> **PROBLEM DETAILS**
Without including any images, repeat the listing below exactly.

> **GIVEN INFORMATION**
==============================

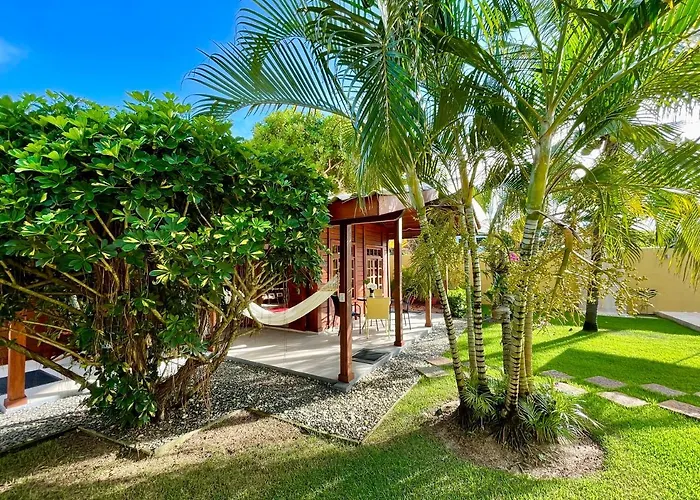 Bangalo De Madeira Em Condominio De Praia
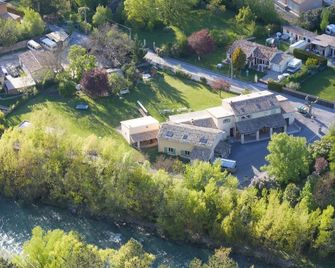 L'oustaou - Castellane - Außenansicht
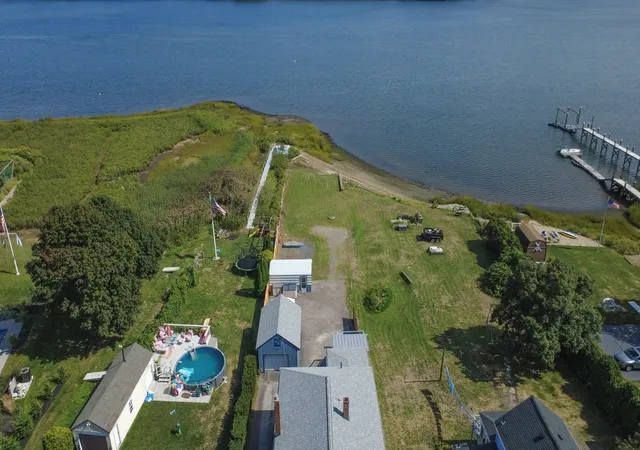 Photo 3 of Sale Pending at 2714 Riverside Ave, Somerset, MA 02726 | MLS# 73573014 | Listing updated on 2026-09-30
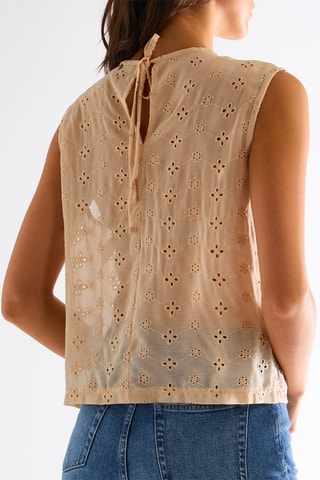 Blouse en broderie anglaise - Beige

==============================

> **EXERCISE RESULT**
 Bangalo De Madeira Em Condominio De Praia
 L'oustaou - Castellane - Außenansicht
 Photo 3 of Sale Pending at 2714 Riverside Ave, Somerset, MA 02726 | MLS# 73573014 | Listing updated on 2026-09-30
 Blouse en broderie anglaise - Beige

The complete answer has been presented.